In classical mechanics you construct an action (involving a Lagrangian in arbitrary generalized coordinates, a Hamiltonian in canonical coordinates [to make your EOM more "convenient & symmetric"]), then extremizing it gives the equations of motion. Alternatively one can find a first order PDE for the action as a function of it's endpoints to obtain the Hamilton-Jacobi equation, & the Poisson bracket formulation is merely a means of changing variables in your PDE so as to ensure your new variables are still characteristics of the H-J PDE (i.e. solutions of the EOM – see No. 37). All that makes sense to me, we're extremizing a functional to get the EOM or solving a PDE which implicitly assumes we've already got the solution (path of the particle) inside of the action that leads to the PDE. However in quantum mechanics, at least in the canonical quantization I think, you apparently just take the Hamiltonian (the Lagrangian in canonical coordinates) & mish-mash this with ideas from changing variables in the Hamilton-Jacobi equation representation of your problem so that you ensure the coordinates are characteristics of your Hamilton-Jacobi equation (i.e. the solutions of the EOM), then you put these ideas in some new space for some reason (Hilbert space) & have a theory of QM. Based on what I've written you are literally doing the exact same thing you do in classical mechanics in the beginning, you're sneaking in classical ideas & for some reason you make things into an algebra – I don't see why this is necessary, or why you can't do exactly what you do in classical mechanics??? Furthermore I think my questions have some merit when you note that Schrodinger's original derivation involved an action functional using the Hamilton-Jacobi equation. Again we see Schrodinger doing a similar thing to the modern idea's, here he's mish-mashing the Hamilton-Jacobi equation with extremizing an action functional instead of just extremizing the original Lagrangian or Hamiltonian, analogous to modern QM mish-mashing the Hamiltonian with changes of variables in the H-J PDE (via Poisson brackets).
What's going on in this big Jigsaw?
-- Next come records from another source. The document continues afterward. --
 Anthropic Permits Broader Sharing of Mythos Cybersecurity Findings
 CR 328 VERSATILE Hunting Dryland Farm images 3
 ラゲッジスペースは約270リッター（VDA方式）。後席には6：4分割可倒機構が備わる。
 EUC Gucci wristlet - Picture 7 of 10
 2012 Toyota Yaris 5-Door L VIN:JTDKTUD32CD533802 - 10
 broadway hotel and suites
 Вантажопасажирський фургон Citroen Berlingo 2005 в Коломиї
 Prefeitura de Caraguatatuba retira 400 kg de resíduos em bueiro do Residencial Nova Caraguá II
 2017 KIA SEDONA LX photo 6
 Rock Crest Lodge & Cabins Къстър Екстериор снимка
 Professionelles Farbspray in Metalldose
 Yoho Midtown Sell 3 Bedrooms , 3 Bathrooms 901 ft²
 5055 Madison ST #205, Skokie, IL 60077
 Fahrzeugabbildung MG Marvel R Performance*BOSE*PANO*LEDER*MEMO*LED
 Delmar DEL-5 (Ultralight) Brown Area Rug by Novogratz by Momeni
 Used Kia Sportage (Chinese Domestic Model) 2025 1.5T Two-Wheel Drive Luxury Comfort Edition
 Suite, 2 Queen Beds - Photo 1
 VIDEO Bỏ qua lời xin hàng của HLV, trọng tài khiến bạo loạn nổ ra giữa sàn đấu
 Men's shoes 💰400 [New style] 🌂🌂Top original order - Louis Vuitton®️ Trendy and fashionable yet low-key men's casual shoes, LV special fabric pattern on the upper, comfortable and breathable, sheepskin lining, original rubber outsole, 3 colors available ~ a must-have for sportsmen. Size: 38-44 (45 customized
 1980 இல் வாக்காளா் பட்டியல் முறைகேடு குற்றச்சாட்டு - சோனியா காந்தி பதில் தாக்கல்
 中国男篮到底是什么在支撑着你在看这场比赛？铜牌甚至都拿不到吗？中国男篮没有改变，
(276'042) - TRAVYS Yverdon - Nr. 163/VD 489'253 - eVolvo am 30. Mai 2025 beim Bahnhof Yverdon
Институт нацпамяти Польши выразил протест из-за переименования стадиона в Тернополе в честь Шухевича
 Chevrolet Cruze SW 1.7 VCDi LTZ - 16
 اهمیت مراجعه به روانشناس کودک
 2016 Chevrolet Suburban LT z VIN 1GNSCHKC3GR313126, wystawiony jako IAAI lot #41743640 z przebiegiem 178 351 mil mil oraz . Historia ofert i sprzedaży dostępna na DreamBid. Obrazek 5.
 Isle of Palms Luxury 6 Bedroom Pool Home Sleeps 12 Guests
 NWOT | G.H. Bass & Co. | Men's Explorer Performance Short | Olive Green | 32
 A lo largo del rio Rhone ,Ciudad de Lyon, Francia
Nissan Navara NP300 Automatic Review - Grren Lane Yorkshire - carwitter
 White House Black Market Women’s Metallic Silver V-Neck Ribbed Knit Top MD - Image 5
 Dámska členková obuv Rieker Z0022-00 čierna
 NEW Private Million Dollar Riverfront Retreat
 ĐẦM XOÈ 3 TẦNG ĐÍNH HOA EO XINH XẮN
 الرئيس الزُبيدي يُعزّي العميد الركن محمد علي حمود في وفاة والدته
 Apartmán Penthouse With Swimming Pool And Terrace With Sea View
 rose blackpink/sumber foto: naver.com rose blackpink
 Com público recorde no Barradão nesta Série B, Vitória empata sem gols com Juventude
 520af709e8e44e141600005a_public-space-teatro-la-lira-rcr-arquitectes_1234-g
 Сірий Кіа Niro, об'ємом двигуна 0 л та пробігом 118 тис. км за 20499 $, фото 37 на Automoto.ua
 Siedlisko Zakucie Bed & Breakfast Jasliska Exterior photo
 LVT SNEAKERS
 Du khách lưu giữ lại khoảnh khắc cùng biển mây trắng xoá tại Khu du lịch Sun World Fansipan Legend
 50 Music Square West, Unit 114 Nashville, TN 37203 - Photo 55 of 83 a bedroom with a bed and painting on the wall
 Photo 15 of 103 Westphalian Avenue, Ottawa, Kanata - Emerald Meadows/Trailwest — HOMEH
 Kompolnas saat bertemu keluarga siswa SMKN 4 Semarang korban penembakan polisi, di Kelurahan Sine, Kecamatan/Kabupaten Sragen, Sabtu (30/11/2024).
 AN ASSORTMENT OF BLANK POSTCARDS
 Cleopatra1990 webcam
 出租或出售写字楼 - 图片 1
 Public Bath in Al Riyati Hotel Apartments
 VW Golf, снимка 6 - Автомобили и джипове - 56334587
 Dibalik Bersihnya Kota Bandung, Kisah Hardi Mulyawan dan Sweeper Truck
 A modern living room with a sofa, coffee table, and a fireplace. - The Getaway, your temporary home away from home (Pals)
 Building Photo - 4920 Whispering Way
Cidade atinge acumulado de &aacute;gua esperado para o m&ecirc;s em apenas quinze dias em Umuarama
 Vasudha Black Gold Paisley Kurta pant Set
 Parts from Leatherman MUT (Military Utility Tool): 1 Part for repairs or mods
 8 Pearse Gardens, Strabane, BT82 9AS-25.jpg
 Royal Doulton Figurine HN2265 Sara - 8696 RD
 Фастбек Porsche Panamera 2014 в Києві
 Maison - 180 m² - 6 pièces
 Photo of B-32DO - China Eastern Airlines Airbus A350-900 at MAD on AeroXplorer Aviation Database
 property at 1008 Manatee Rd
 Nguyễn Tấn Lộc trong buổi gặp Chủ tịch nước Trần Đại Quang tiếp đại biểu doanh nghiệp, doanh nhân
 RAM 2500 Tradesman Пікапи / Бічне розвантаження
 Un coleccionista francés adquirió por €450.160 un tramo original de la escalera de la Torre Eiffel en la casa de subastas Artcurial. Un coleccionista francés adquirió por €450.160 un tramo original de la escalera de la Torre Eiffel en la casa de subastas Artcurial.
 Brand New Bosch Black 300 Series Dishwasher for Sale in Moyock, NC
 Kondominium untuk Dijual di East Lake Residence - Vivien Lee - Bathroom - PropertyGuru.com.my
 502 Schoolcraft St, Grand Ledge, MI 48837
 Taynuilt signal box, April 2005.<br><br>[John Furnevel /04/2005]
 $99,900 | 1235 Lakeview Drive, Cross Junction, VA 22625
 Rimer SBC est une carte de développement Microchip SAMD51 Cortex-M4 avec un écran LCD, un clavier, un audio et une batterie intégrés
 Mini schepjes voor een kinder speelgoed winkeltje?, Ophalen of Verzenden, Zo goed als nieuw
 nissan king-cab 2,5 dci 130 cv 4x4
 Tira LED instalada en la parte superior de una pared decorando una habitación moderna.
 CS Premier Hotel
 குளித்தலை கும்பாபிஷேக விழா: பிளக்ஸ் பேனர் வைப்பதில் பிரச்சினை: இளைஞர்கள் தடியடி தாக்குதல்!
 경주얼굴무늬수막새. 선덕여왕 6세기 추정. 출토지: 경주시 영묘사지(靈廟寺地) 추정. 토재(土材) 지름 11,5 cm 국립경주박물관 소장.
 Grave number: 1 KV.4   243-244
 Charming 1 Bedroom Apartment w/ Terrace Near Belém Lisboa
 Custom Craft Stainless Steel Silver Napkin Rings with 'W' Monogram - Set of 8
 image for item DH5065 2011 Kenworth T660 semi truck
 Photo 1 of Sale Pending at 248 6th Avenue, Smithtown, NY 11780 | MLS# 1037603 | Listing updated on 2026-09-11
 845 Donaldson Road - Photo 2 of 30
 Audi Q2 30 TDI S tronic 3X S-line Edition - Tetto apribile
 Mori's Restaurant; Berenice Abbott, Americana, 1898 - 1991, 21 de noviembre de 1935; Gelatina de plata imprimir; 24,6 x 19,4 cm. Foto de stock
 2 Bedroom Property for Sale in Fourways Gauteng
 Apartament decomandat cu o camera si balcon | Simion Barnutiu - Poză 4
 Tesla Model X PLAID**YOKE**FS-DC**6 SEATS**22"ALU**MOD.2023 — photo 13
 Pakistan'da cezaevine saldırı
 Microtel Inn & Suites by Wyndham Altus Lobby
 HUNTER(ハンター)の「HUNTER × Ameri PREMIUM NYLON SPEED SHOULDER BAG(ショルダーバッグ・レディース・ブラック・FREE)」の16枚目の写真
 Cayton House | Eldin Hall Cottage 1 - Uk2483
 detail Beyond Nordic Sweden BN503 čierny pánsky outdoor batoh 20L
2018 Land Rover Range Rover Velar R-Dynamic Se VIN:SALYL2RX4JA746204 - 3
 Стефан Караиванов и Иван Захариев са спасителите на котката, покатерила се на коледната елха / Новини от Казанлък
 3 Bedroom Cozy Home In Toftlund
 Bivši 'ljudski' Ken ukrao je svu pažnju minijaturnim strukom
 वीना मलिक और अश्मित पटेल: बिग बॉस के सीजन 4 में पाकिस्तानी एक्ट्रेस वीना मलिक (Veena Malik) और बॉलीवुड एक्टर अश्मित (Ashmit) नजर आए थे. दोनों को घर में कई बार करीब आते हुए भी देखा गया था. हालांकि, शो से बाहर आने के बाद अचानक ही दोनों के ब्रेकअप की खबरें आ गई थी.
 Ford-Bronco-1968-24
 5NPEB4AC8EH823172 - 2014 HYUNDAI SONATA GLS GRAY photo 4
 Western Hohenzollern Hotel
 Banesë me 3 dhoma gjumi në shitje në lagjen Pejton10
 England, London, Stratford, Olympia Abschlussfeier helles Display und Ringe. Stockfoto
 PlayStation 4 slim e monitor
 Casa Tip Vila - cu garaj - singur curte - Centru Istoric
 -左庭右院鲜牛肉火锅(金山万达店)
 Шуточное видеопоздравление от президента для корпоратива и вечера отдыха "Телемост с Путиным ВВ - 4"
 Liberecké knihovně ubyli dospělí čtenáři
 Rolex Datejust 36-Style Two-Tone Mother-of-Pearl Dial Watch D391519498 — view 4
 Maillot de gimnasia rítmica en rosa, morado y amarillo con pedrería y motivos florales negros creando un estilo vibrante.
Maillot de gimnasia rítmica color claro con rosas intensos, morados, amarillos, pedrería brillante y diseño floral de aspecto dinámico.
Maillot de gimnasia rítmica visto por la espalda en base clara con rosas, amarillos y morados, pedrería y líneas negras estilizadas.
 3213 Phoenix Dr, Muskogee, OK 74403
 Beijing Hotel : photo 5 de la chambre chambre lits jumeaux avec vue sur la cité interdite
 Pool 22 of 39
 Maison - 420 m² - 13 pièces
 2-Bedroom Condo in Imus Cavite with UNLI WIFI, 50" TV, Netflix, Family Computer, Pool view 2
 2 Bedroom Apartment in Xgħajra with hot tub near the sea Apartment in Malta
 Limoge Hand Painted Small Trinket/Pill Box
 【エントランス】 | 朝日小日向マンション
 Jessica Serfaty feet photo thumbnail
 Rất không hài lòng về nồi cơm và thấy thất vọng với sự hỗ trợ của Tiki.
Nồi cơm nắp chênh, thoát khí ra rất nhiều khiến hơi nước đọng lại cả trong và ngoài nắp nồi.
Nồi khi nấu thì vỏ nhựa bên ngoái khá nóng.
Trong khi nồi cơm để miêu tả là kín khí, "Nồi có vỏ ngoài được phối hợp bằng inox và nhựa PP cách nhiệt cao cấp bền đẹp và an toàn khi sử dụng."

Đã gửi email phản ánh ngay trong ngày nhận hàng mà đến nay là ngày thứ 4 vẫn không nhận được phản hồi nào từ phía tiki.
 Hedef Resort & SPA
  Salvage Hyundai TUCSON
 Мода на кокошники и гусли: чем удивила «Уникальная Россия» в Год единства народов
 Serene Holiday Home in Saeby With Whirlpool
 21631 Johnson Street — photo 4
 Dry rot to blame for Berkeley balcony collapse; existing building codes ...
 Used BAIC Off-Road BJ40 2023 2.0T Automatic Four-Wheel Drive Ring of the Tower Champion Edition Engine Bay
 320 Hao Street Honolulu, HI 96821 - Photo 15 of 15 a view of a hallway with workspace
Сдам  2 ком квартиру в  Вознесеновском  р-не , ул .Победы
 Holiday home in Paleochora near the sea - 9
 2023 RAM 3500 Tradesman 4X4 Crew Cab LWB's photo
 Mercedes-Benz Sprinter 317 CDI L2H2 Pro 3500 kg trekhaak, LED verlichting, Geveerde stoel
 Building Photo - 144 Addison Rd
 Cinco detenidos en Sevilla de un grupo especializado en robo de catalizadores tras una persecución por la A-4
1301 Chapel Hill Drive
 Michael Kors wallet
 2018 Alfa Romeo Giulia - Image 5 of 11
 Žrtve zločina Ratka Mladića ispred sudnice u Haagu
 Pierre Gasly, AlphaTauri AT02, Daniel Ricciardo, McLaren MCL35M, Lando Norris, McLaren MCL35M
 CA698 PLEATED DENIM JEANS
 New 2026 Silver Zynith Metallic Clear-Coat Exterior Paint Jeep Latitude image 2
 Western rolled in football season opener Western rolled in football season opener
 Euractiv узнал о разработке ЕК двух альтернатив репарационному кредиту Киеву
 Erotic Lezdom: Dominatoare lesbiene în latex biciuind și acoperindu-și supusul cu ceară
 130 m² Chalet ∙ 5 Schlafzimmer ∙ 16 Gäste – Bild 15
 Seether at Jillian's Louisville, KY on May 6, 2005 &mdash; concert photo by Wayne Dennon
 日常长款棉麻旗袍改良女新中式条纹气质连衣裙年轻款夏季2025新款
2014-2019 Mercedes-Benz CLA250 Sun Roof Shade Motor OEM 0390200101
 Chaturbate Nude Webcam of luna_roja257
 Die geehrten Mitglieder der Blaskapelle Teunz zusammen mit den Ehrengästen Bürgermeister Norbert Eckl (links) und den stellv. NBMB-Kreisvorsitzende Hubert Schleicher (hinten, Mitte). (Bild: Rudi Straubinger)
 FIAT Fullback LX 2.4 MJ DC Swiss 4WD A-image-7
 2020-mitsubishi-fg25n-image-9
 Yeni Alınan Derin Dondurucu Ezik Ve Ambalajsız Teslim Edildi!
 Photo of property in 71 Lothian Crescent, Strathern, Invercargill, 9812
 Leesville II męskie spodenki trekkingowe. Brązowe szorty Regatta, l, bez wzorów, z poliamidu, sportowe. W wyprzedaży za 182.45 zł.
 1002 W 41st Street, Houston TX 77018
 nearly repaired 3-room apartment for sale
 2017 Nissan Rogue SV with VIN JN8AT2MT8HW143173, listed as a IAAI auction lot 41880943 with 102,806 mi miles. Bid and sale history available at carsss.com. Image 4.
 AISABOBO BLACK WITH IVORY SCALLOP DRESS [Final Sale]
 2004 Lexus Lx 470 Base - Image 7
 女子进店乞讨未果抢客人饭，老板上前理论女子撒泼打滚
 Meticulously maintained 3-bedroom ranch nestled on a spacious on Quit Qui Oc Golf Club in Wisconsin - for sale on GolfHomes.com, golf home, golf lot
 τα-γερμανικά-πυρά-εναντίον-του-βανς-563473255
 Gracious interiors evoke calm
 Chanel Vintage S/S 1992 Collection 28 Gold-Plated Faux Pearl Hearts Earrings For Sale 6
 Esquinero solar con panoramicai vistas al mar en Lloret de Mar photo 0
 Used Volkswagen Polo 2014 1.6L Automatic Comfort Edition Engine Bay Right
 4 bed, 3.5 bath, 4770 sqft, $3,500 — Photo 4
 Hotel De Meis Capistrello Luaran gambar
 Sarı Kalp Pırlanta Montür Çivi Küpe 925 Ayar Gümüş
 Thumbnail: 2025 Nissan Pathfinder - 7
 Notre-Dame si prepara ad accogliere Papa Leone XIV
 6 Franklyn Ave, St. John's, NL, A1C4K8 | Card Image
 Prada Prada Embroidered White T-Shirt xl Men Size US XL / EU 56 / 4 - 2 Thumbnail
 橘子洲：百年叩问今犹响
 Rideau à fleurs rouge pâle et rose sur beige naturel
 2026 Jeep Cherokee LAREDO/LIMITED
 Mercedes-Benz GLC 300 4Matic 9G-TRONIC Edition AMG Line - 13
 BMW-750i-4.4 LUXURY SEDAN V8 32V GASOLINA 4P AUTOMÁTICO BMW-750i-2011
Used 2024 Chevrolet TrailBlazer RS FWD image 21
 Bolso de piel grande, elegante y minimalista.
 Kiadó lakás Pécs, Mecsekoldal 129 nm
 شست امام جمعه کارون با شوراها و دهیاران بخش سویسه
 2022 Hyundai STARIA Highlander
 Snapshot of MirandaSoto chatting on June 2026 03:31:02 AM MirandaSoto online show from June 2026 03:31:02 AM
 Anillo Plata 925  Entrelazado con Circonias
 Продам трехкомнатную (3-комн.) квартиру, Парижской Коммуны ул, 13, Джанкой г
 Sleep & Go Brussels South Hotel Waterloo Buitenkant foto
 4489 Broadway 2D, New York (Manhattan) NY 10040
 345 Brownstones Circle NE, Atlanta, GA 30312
Why do we need to start mixing up all our pieces, why can't we just copy classical mechanics exactly – we are on some level anyway, as far as I can see… I can understand doing these things if they are just convenient tricks, the way you could say that invoking the H-J PDE is just a trick for dealing with Lagrangians & Hamiltonians, but I'm pretty sure the claim is that the process of quantization simply must be done, one step is just absolutely necessary, you simply cannot follow the classical ideas, even though from what I've said we basically are just doing the classical thing – in a roundabout way. It probably has something to do with complex numbers, at least partially, as mentioned in the note on page 276 here, but I have no idea as to how to see that & Schrodinger's original derivation didn't assume them so I'm confused about this.
To make my questions about quantization explicit if they aren't apparent from what I've written above:
a) Why does one need to make an algebra out of mixing the Hamiltonian with Poisson brackets?
(Where this question stresses the interpretation of Hamiltonian's as Lagrangian's just with different coordinates, & Poisson brackets as conditions on changing variables in the Hamilton-Jacobi equation, so that we make the relationship to CM explicit)
b) Why can't quantum mechanics just be modelled by extremizing a Lagrangian, or solving a H-J PDE?
(From my explanation above it seems quantization smuggles these idea's into it's formalism anyway, just mish-mashing them together in some vector space)
c) How do complex numbers relate to this process?
(Are they the reason quantum mechanics radically differs from classical mechanics. If so, how does this fall out of the procedure as inevitable?)
Apologies if these weren't clear from what I've written, but I feel what I've written is absolutely essential to my question.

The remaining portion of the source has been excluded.